Effects of Mavacamten on Measures of Cardiopulmonary Exercise Testing Beyond Peak Oxygen Consumption: A Secondary Analysis of the EXPLORER-HCM Randomized Trial

Affiliations
Clinical Trial

Effects of Mavacamten on Measures of Cardiopulmonary Exercise Testing Beyond Peak Oxygen Consumption: A Secondary Analysis of the EXPLORER-HCM Randomized Trial

Matthew T Wheeler et al. JAMA Cardiol. .

Abstract

Importance: Mavacamten, a cardiac myosin inhibitor, improved peak oxygen uptake (pVO2) in patients with symptomatic obstructive hypertrophic cardiomyopathy (HCM) in the EXPLORER-HCM study. However, the full extent of mavacamten's effects on exercise performance remains unclear.

Objective: To investigate the effect of mavacamten on exercise physiology using cardiopulmonary exercise testing (CPET).

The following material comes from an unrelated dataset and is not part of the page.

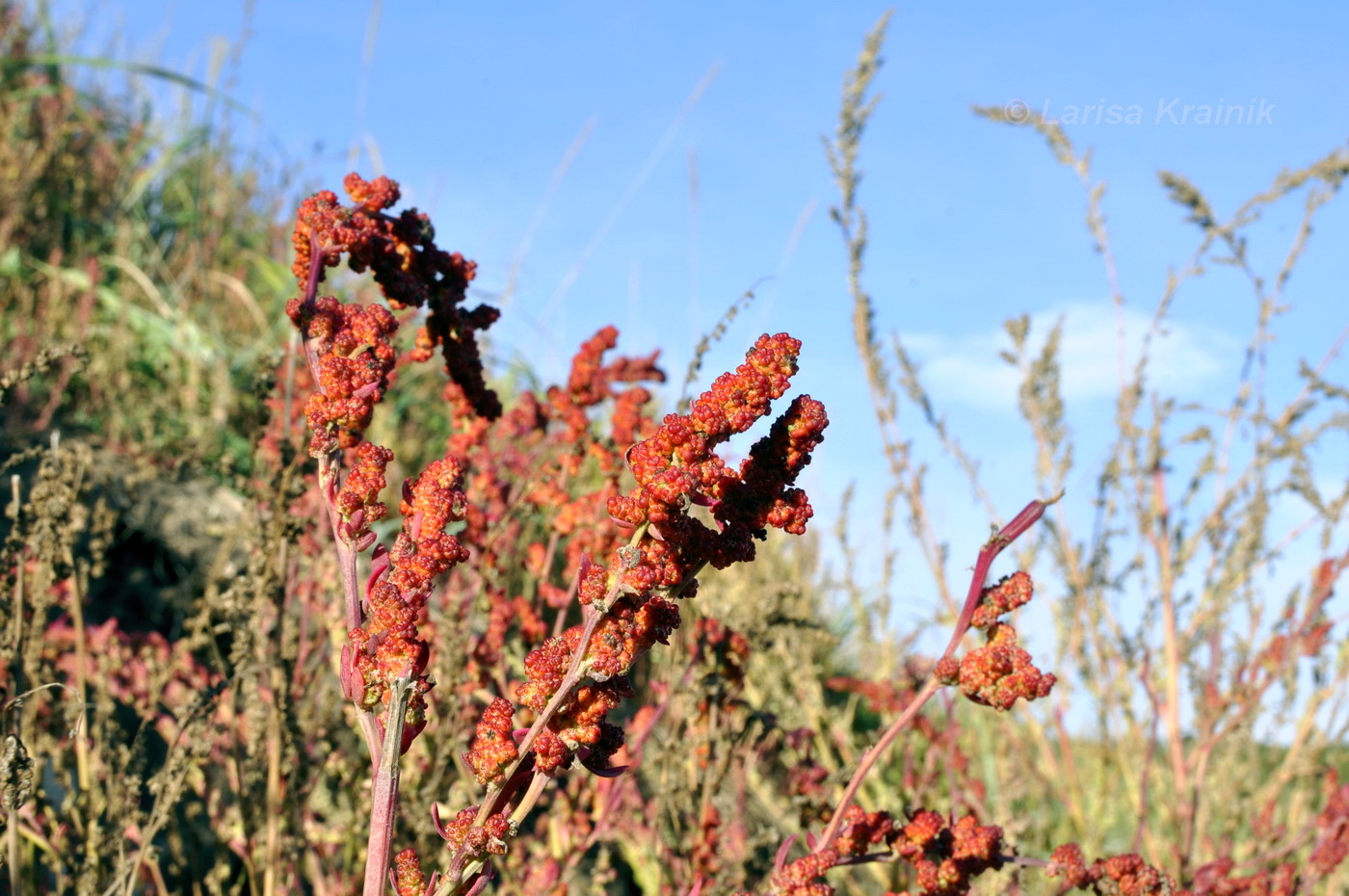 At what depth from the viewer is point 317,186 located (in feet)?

Design, setting, and participants: Exploratory analyses of the data from the EXPLORER-HCM study, a randomized, double-blind, placebo-controlled, phase 3 trial that was conducted in 68 cardiovascular centers in 13 countries. In total, 251 patients with symptomatic obstructive HCM were enrolled.

Interventions: Patients were randomly assigned in a 1:1 ratio to mavacamten or placebo.

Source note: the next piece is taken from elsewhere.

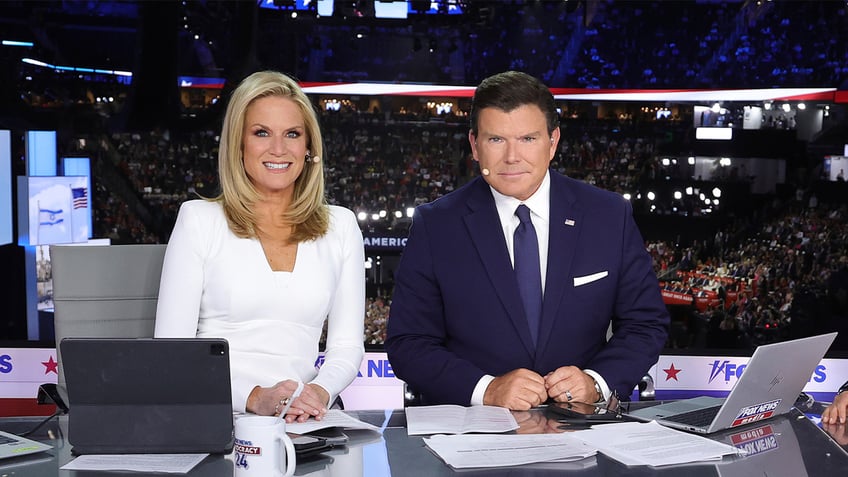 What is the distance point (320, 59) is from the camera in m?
6.62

Main outcomes and measures: The following prespecified exploratory cardiovascular and performance parameters were assessed with a standardized treadmill or bicycle ergometer test protocol at baseline and week 30: carbon dioxide output (VCO2), minute ventilation (VE), peak VE/VCO2 ratio, ventilatory efficiency (VE/VCO2 slope), peak respiratory exchange ratio (RER), peak circulatory power, ventilatory power, ventilatory threshold, peak metabolic equivalents (METs), peak exercise time, partial pressure of end-tidal carbon dioxide (PETCO2), and VO2/workload slope.

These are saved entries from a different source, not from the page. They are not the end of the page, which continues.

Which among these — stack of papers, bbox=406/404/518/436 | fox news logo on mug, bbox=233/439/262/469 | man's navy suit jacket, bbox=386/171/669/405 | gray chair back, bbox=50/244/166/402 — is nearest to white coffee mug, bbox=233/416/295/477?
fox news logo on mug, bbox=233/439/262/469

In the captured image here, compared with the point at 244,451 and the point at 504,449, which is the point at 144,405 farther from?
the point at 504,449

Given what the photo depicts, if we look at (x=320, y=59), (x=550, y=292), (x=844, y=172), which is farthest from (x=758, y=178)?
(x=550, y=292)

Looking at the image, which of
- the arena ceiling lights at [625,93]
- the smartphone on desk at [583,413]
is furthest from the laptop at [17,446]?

Results: Two hundred fifty-one patients were enrolled. The mean (SD) age was 58.5 (11.9) years and 59% of patients were male. There were significant improvements with mavacamten vs placebo in the following peak-exercise CPET parameters: peak VE/VCO2 ratio (least squares [LS] mean difference, -2.2; 95% CI, -3.05 to -1.26; P < .001), peak METs (LS mean difference, 0.4; 95% CI, 0.17-0.60; P < .001), peak circulatory power (LS mean difference, 372.9 mL/kg/min × mm Hg; 95% CI, 153.12-592.61; P = .001), and peak PETCO2 (LS mean difference, 2.0 mm Hg; 95% CI, 1.12-2.79; P < .001). Mavacamten also improved peak exercise time compared with placebo (LS mean difference, 0.7 minutes; 95% CI, 0.13-1.24; P = .02). There was a significant improvement in nonpeak-exercise CPET parameters, such as VE/VCO2 slope (LS mean difference, -2.6; 95% CI, -3.58 to -1.52; P < .001) and ventilatory power (LS mean difference, 0.6 mm Hg; 95% CI, 0.29-0.90; P < .001) favoring mavacamten vs placebo.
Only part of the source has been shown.